After Vikings were assimilated, the British took over large parts of Ireland by the 14th century. Some Irish accepted British conquerors but most continued to resist and were banished westward to rocky hills and bogs “beyond the pale.” The “pale” was line of wooden stakes driven into the ground as a boundary. That now-familiar English phrase has come to mean “outside the bounds of acceptable behavior” and both meanings were applied to my ancestors by British conquerors.
When Oliver Cromwell began his depredations in Ireland around the 1640s, he further banished rebellious Irish “To hell or Connaught.” The latter is in western Ireland “beyond the pale” where most of my forebears lived before emigrating to America beginning in the early 1800s. Some, including the Haggertys and McDonalds, then settled around Wilkes-Barre, Pennsylvania and worked in the coal mines. They moved north to Boston in the early 20th century, intermarried with the Fitzgeralds and McLaughlins, and begat me.
While all that interests me and I’m still researching ancestors named Sullivan, McQuire, Harrington, Mahoney, Cassidy, and others, I think of myself as 100% American. That’s not an ethnicity; it’s an attitude. It’s an idea for organizing humans to the extent they wish to be organized. To be American is to believe the Constitution is the most brilliant governing document ever written, even if Supreme Court Justice Ruth Ginsburg disagrees.
As an Irishman who calls himself “Bono” said:
“America is an idea, isn’t it… That’s how we see you around the world: as one of the greatest ideas in history… The idea is that you and me are created equal… the idea that life is not meant to be endured but enjoyed, the idea that if we have dignity, if we have justice, then leave it to us; we’ll do the rest. This country [he was speaking at Georgetown University] was the first to claw its way out of darkness and put that on paper. And God love you for it…”
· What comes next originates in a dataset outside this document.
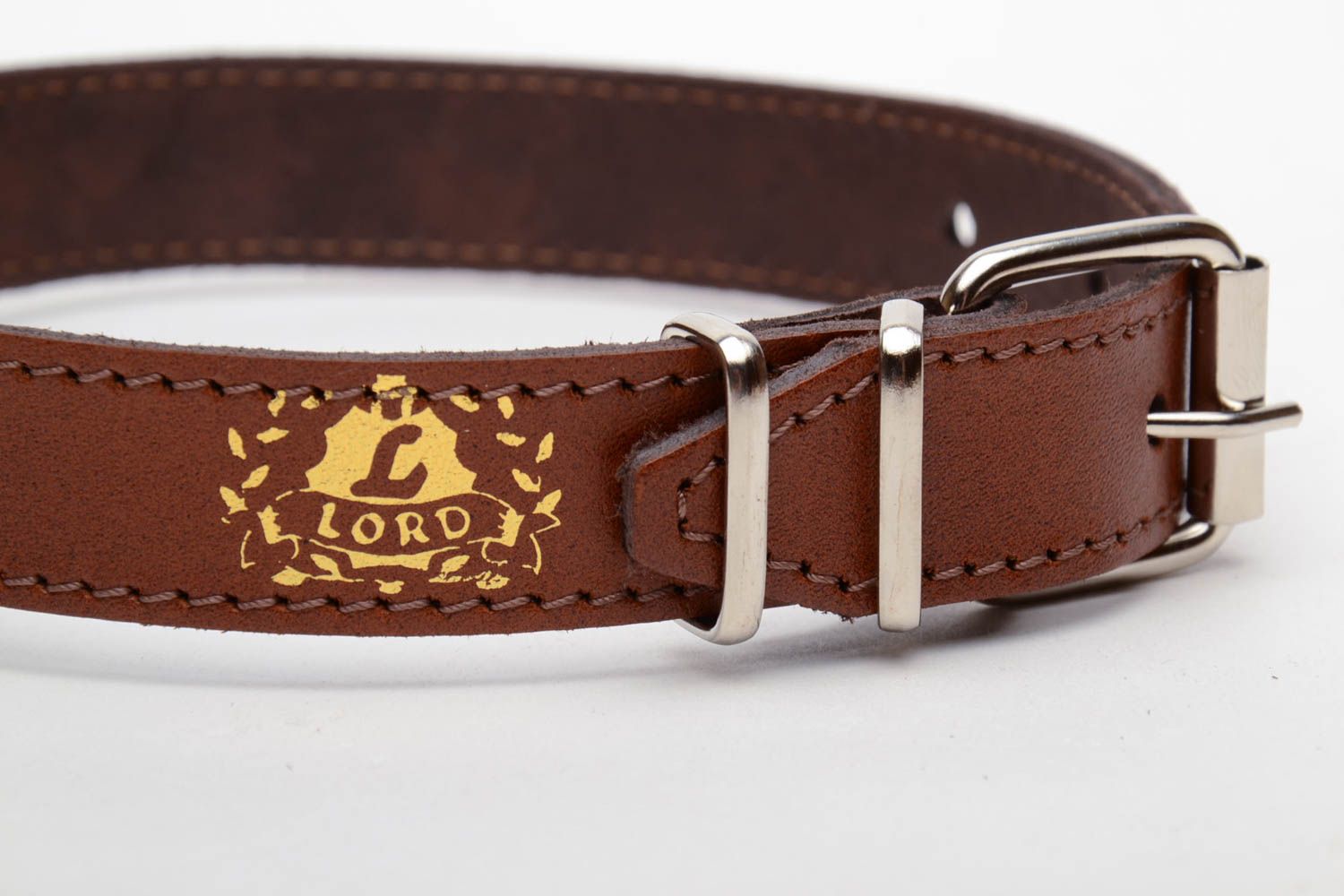 Brown leather dog collar photo 3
He was referring, of course, to the Declaration of Independence, but the ideas expressed there were soon after codified into our plan for government: the US Constitution. To the extent that we preserve, protect, and defend the Constitution, as so many of have sworn to do, we preserve the idea of America. The Constitution curtails government and confers “liberty and justice for all” — then leaves it to us to do the rest as we see fit.
It’s the idea of America that makes us great. It makes us the kind of country to which so many others want to come. We have many races and ethnicities in America. They’re all welcome so long as they endorse the idea. If not, they shouldn't be allowed in.